It does seem from the plot that synth B is probably better. Let's quantify how much better it is by getting the the probability distribution of the difference between $p_A$ and $p_B$. We can estimate this by sampling many times from each posterior distribution, taking the difference, and plotting a histogram of the samples of this new random variable.
def B_minus_A():
A = pyro.sample('A', dist.Beta(A_Nsuccess, A_Nfailure))
B = pyro.sample('B', dist.Beta(B_Nsuccess, B_Nfailure))
return B.item() - A.item()
samples_B_minus_A = np.array([B_minus_A() for i in np.arange(10000)])
fig, ax = plt.subplots(figsize=(10, 3))
plt.hist(samples_B_minus_A, bins=200, range=(-1, 1), color='#FF9400');
plt.title("Posterior Distribution of $p_B - p_A$")

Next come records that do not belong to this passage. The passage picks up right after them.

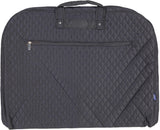 NGil Quilted Garment Bag - LM864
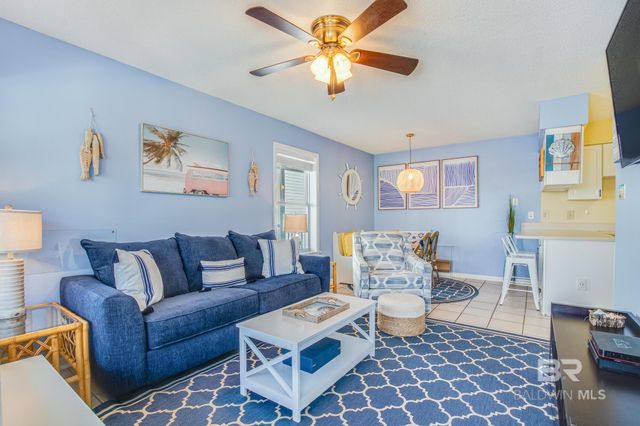 1129 WEST BEACH Boulevard 104, Gulf Shores, AL 36542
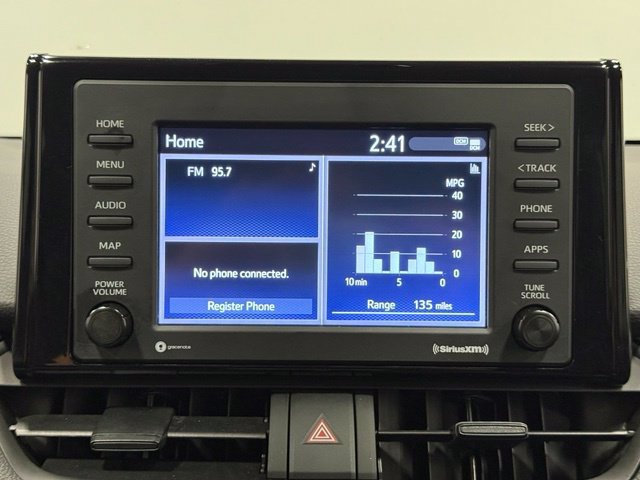 Used 2022 Toyota RAV4 LE FWD image 23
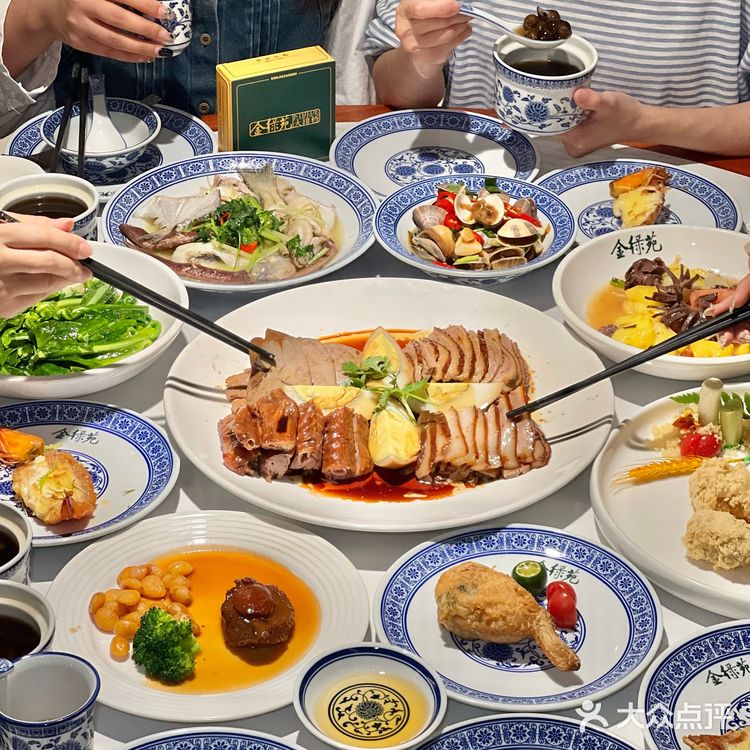 不是富苑去不起，而是汕头金绿苑更有性价比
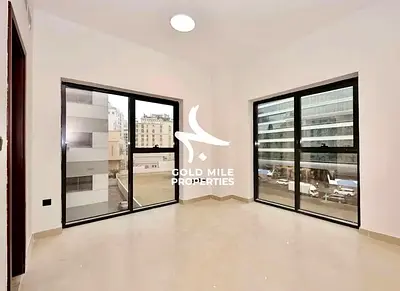Brand New Building || One Month Free Rent || 6-Cheques || Prime Location
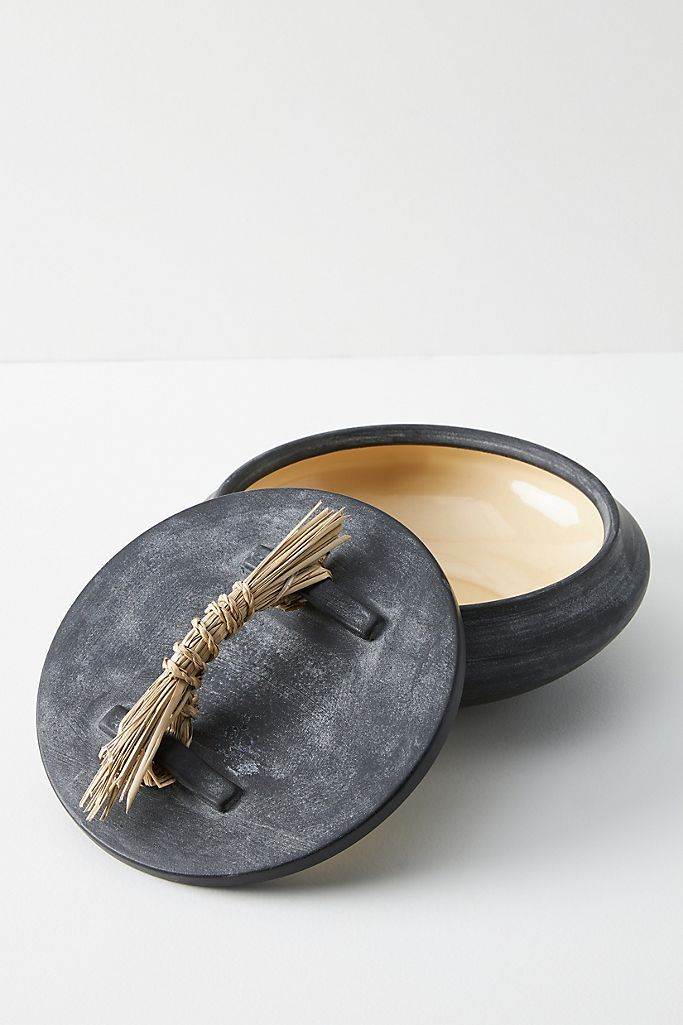 Mozu Trinket Dish | Anthropologie (US)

ax.axvline(true_diff, color='black');
plt.ylabel('Count');
plt.xlabel('Value');
The black line shows the true $p_B - p_A$. It doesn't fall in the center of our distribution estimating its value, but it is not too far off. Only a tiny sliver of the distribution is below the 0 mark, suggesting that the people enjoy synth B more.
Making Decisions
It does look like B is better than A, but what if we are wrong!? We can still choose between A and B. Here is a twist: in order to use B we have to pay someone else a fixed fee. This means there is a cost to B we have to take into account before making our decision. There is is also a cost of picking the wrong synth if the actual population prefers the other one.
Let's formalize this. Suppose the true $p_A$ = 0.40, and the true $p_B$ = 0.55. If we had perfect information, the cost of picking B is 0, since B is the better choice. However, we don't have perfect information, so we might choose A. There is a nonzero cost of picking A, but what is it?

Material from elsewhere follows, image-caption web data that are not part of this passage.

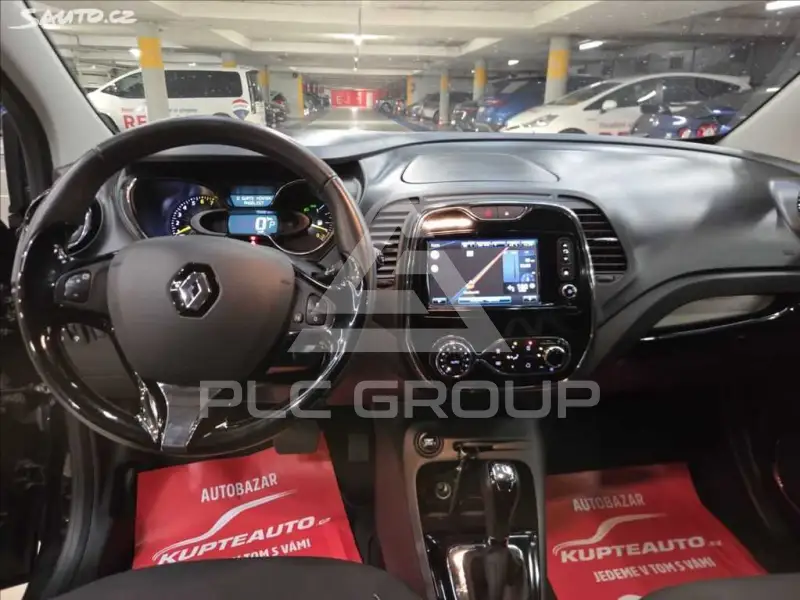 2014 Renault Captur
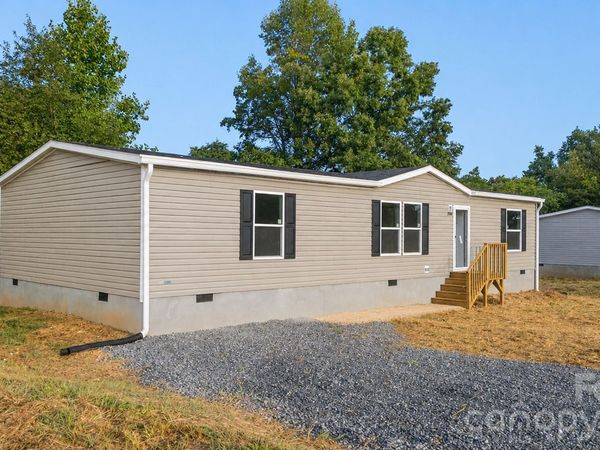 2203 Kingston Road , Kingstown, NC 28150
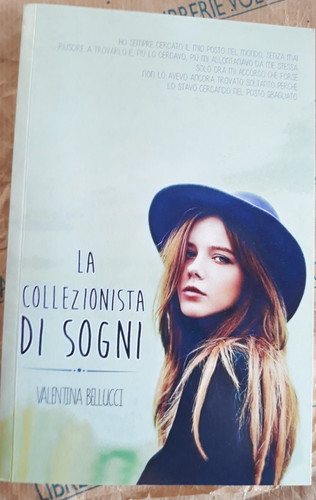 Collezionista sogni - collezionista,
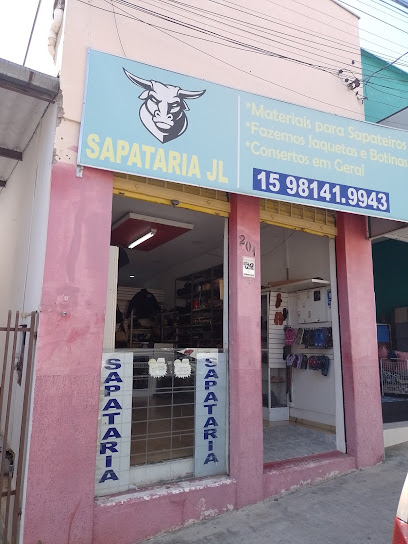 Sapataria JL em Sorocaba - SP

Let's make an assumption that our cost is proportional to the difference between the values. Formally:
$$ Cost_A = k \cdot min[(p_B - p_A), 0] $$
def cost_A(x):
k = 50
return np.maximum(0, k * x)
fig, ax = plt.subplots(figsize=(10, 3))
x = np.arange(-1, 1, .01)
plt.plot(x, cost_A(x), color='#0044BD');
ax.set_ylim(bottom=0);
plt.title('Cost of chosing state A')
plt.ylabel('Cost');
plt.xlabel('$p_B$ - $p_A$');
ax.axvline(true_diff, color='black');
Again, the black line shows the true difference between the parameters.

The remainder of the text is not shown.